Files
file	contiguous_split.hpp
	Table APIs for contiguous_split, pack, unpack, and metadata.

file	contiguous_split.hpp
	Table APIs for contiguous_split, pack, unpack, and metadata.

file	copying.hpp
	Column APIs for gather, scatter, split, slice, etc.

Classes
struct	cudf::packed_columns
	Column data in a serialized format. More...

struct	cudf::packed_table
	The result(s) of a cudf::contiguous_split. More...

class	cudf::chunked_pack
	Perform a chunked "pack" operation of the input `table_view` using a user provided buffer of size `user_buffer_size`. More...

Functions
std::vector< packed_table >	cudf::contiguous_split (cudf::table_view const &input, std::vector< size_type > const &splits, rmm::device_async_resource_ref mr=cudf::get_current_device_resource_ref())
	Performs a deep-copy split of a `table_view` into a vector of `packed_table` where each `packed_table` is using a single contiguous block of memory for all of the split's column data. More...

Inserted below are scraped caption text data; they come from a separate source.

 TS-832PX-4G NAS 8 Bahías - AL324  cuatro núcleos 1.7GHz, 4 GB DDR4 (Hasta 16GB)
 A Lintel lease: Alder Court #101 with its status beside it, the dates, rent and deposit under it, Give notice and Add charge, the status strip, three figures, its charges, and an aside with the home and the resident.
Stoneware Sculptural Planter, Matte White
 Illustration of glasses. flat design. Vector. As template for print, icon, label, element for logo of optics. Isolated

packed_columns	cudf::pack (cudf::table_view const &input, rmm::device_async_resource_ref mr=cudf::get_current_device_resource_ref())
	Deep-copy a `table_view` into a serialized contiguous memory format. More...

std::vector< uint8_t >	cudf::pack_metadata (table_view const &table, uint8_t const *contiguous_buffer, size_t buffer_size)
	Produce the metadata used for packing a table stored in a contiguous buffer. More...

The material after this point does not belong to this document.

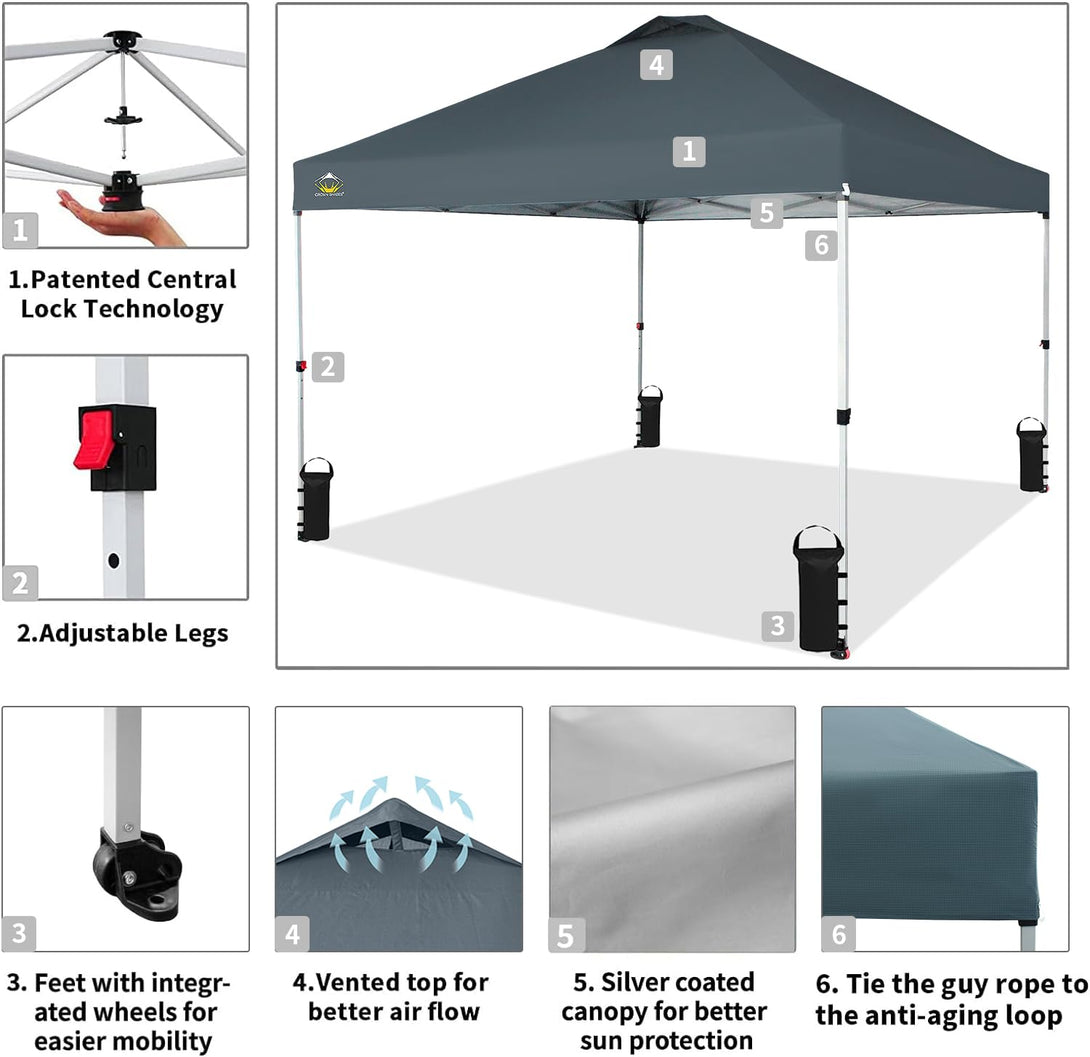 CROWN SHADES 10x10 Pop up Canopy Tent RM100H, Patented One Push Pop Up Tent with Wheeled Carry Bag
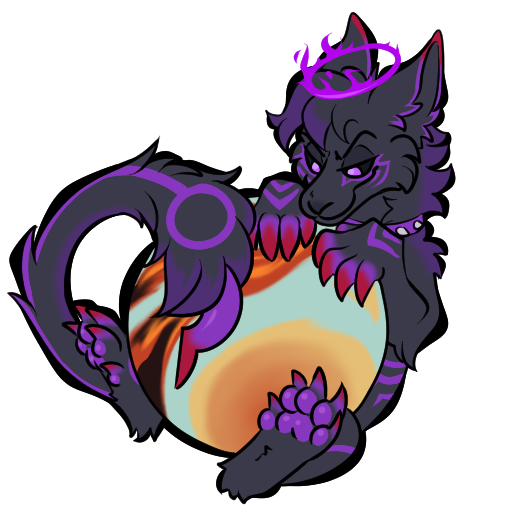 A drawing of a fluffy black and purple wolf-like creature holding a giant multicolored pearl. It has a purple halo and red tips on its nails, ears, and tail. The fur is mostly black with some small purple markings and accents. It is smiling with half-lidded eyes at its pearl.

table_view	cudf::unpack (packed_columns const &input)
	Deserialize the result of `cudf::pack`. More...

table_view	cudf::unpack (uint8_t const metadata, uint8_t const gpu_data)
	Deserialize the result of `cudf::pack`. More...

std::vector< column_view >	cudf::split (column_view const &input, host_span< size_type const > splits, rmm::cuda_stream_view stream=cudf::get_default_stream())
	Splits a `column_view` into a set of `column_view`s according to a set of indices derived from expected splits. More...

std::vector< column_view >	cudf::split (column_view const &input, std::initializer_list< size_type > splits, rmm::cuda_stream_view stream=cudf::get_default_stream())
	Splits a `column_view` into a set of `column_view`s according to a set of indices derived from expected splits. More...

std::vector< table_view >	cudf::split (table_view const &input, host_span< size_type const > splits, rmm::cuda_stream_view stream=cudf::get_default_stream())
	Splits a `table_view` into a set of `table_view`s according to a set of indices derived from expected splits. More...

std::vector< table_view >	cudf::split (table_view const &input, std::initializer_list< size_type > splits, rmm::cuda_stream_view stream=cudf::get_default_stream())
	Splits a `table_view` into a set of `table_view`s according to a set of indices derived from expected splits. More...

Detailed Description

Function Documentation

◆ contiguous_split()

std::vector<packed_table> cudf::contiguous_split	(	cudf::table_view const &	input,
		std::vector< size_type > const &	splits,
		rmm::device_async_resource_ref	mr = `cudf::get_current_device_resource_ref()`
	)

Performs a deep-copy split of a table_view into a vector of packed_table where each packed_table is using a single contiguous block of memory for all of the split's column data.

The memory for the output views is allocated in a single contiguous rmm::device_buffer returned in the packed_table. There is no top-level owning table.

The returned views of input are constructed from a vector of indices, that indicate where each split should occur. The ith returned table_view is sliced as [0, splits[i]) if i=0, else [splits[i], input.size()) if i is the last view and [splits[i-1], splits[i]] otherwise.

For all i it is expected splits[i] <= splits[i+1] <= input.size(). For a splits size N, there will always be N+1 splits in the output.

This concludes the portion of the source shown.